The danger that human beings could be split into warring camps between those who integrate technology into their bodies, and those who do not, seems never to have entered the heads of the lords of Silicon Valley.
Yet this may come to pass. On 1 July 2012, Steve Mann, the father of wearable computing and a professor of Electrical Engineering at the University of Toronto, was visiting Paris with his family and went to a central McDonald's to pick up something to eat. From i09:
Three employees subsequently assaulted Mann in the restaurant and tried to tear off the eyeglass device he wears, which is fixed to his head. Was this simple theft, or an attack on Mann's strange looking cybernetic attachments?Steve Mann, the "father of wearable computing," has been physically assaulted while visiting a McDonalds in Paris, France.
The Canadian university professor was at the restaurant with his family when three different McDonalds employees took exception to his "Digital Eye Glass" device and attempted to forcibly remove it from his head. Mann was then physically removed from the store by the employees, along with having his support documentation destroyed.

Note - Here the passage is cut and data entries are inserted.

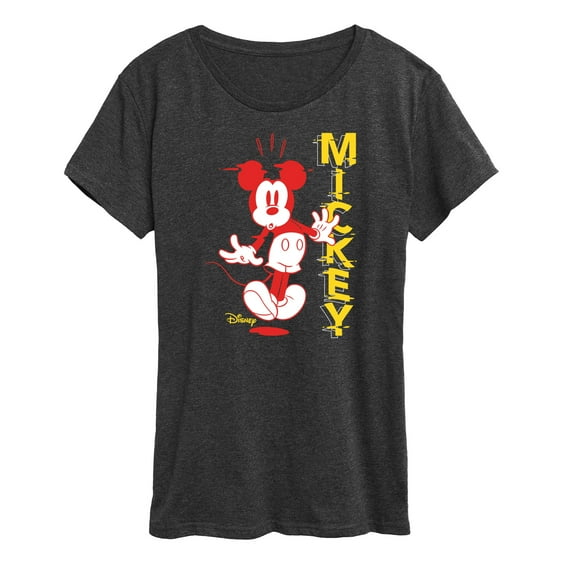 Disney - Mickey & Friends - Mickey Mouse Surprised - Women's Short Sleeve Graphic T-Shirt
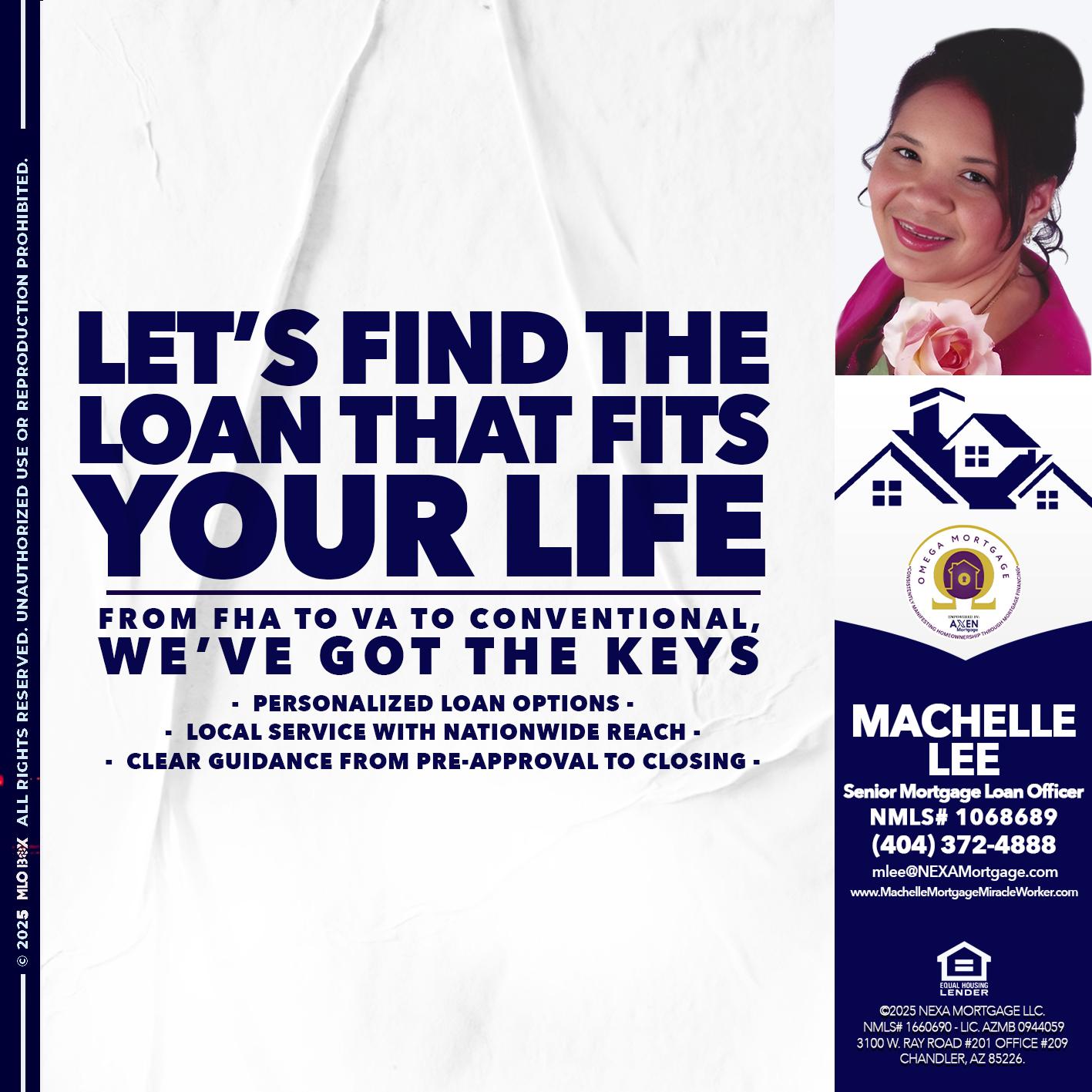 LETS FIND - Machelle Lee -Reverse and Residential Mortgage Loan Expert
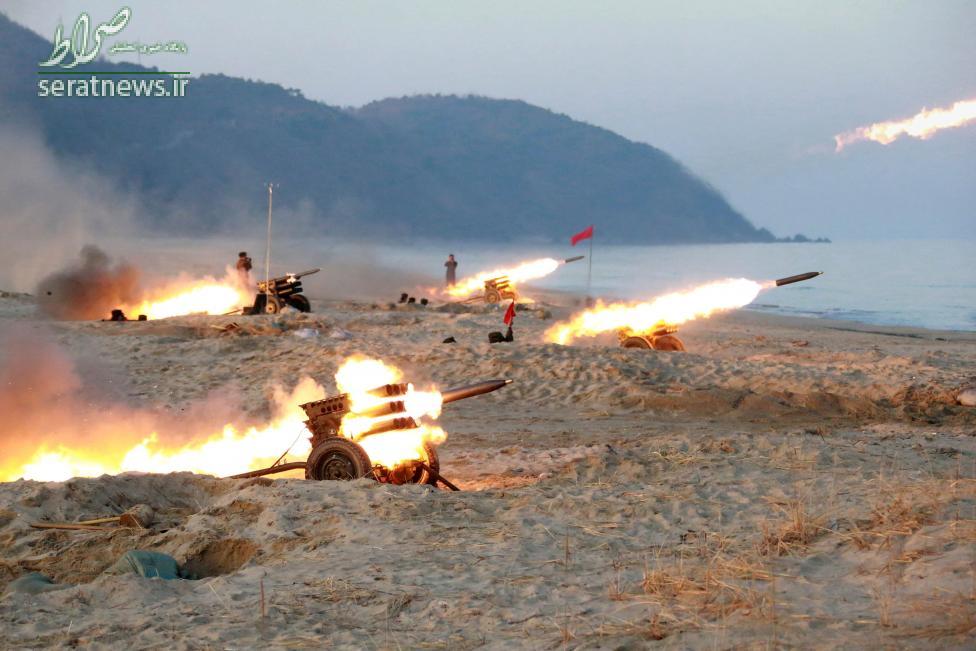 عکس/نمایش سامانه موشکی کره شمالی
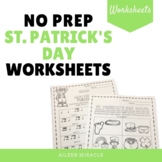 No Prep St. Patrick's Day Music Worksheets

This may be the first ever recorded assault of a person instigated by the prominent display of a Google Glass-like wearable computer.
The incident is particularly troubling, not only because Mann's device is very similar to Google Glass, but because the assault could be a harbinger of things to come as the technology becomes increasingly prominent. Assaults such as this one may become more frequent should people (and corporations) respond poorly to the use of such devices. Details of the assault were made available by Mann on his blog.
He, along with his wife and children, were touring the Champs Elysees area when the incident took place. After sitting down to grab a bite to eat, Mann was questioned by a McDonalds employee about the Eye Glass. Since Mann had spent the day going to museums and landmarks, he had brought a letter from his doctor along with other support documentation explaining the device.
Mann evidently believes (as do other media outlets reporting the story, based on Mann's 16 July 2012 blog account of the Paris assault) that the employees directed their attack at the tech. I09 closes the report with comment that Mann has been targeted before for his wearable gadgets: "Mann is no stranger to controversy — nor to discrimination. He was once thrown out of a Wal-mart, and has had run-ins with the New York City Police department and U.S. Secret Service."
Within hours of this story circulating on the Internet, there was a budding debate about the civil rights of cyborgs. Let us hope that cyborgs' enhanced abilities are not eventually viewed as a collective threat by those who do not follow cybernetic fashions.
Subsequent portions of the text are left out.